Écrit par : kobus van cleef | 23/08/2017

@Pharamond : Les probabilités ne sont hélas pas en faveur de votre hypothèse. :-(

@kobus van cleef : Vrai que certains ne parviennent pas à comprendre ce point : l'histoire du monde n'est pas judéocentrique. Ce qui me rappelle cette plaisanterie (dont il existe de nombreuses variations), à moi narrée par une ancienne amie du peuple autoproclamé élu :

Après le crash de leur avion, plusieurs savants de diverses nationalités passent le temps en attendant les secours. Comme ils se sont écrasés dans la plaine africaine, ils décident de plancher chacun à leur tour sur l'éléphant, comme pour un oral de concours. L'Allemand choisit pour thème "L'éléphant et la philologie", l'Italien "L'éléphant et l'opéra", l'Anglais "L'éléphant et le commerce maritime", l'Américain "L'éléphant et la guerre d'indépendance", le Français "L'éléphant et l'amour", quand l'Israélien prend pour thème de sa causerie "L'éléphant et la question juive".

L'indifférence devient difficile à pratiquer, avec des fanatiques de tous les horizons. Quand on a compris que de l'être humain, on ne peut pas attendre grand-chose de bon, on ne perd pas son temps à faire de trop subtiles distinctions. ;-)

Écrit par : Blumroch | 23/08/2017

@Blumroch : de Poul Anderson j' avais adoré "la Patrouille du Temps" lu dans mon jeune âge ...
http://www.ebay.fr/itm/like/262781237755?chn=ps&dispItem=1

Écrit par : EQUALIZER | 23/08/2017

@EQUALIZER : Seule saga sur ce sujet à rivaliser avec celle de Fritz Leiber, Jr. Et comment oublier la série *Agent de l'Empire Terrien*, avec ce Dominic Flandry qui, sans la moindre illusion, cherche simplement à retarder l'arrivée de la Longue Nuit...
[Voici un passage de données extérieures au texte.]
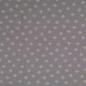 Preview: Musselin taupe Punkte Muster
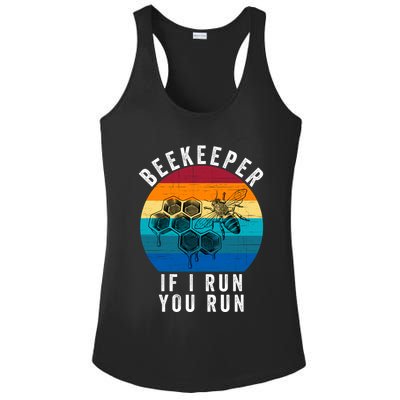 Beekeeper If I Run You Run Honeybees Apiculture Bee Keeper Beekeeping Bee Lovers Ladies PosiCharge Competitor Racerback Tank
Écrit par : Blumroch | 24/08/2017

kobus van cleef > Difficile de se définir avec les mots inventés par le Système.

Blumroch > Je sais, mais il faut y tendre, l'autre cas de figure s'imposera peut-être de lui-même en cas d'échec.

Écrit par : Pharamond | 24/08/2017

Blumroch > Excellente l'histoire que vous racontez à kobus, je ne la connaissais pas.

Écrit par : Pharamond | 24/08/2017

@Pharamond : Je la croyais si connue que j'ai failli ne pas la rapporter, même si je la trouve d'une grande *vis comica*. ;-)

Écrit par : Blumroch | 24/08/2017

C'eut été dommage de ne pas la raconter.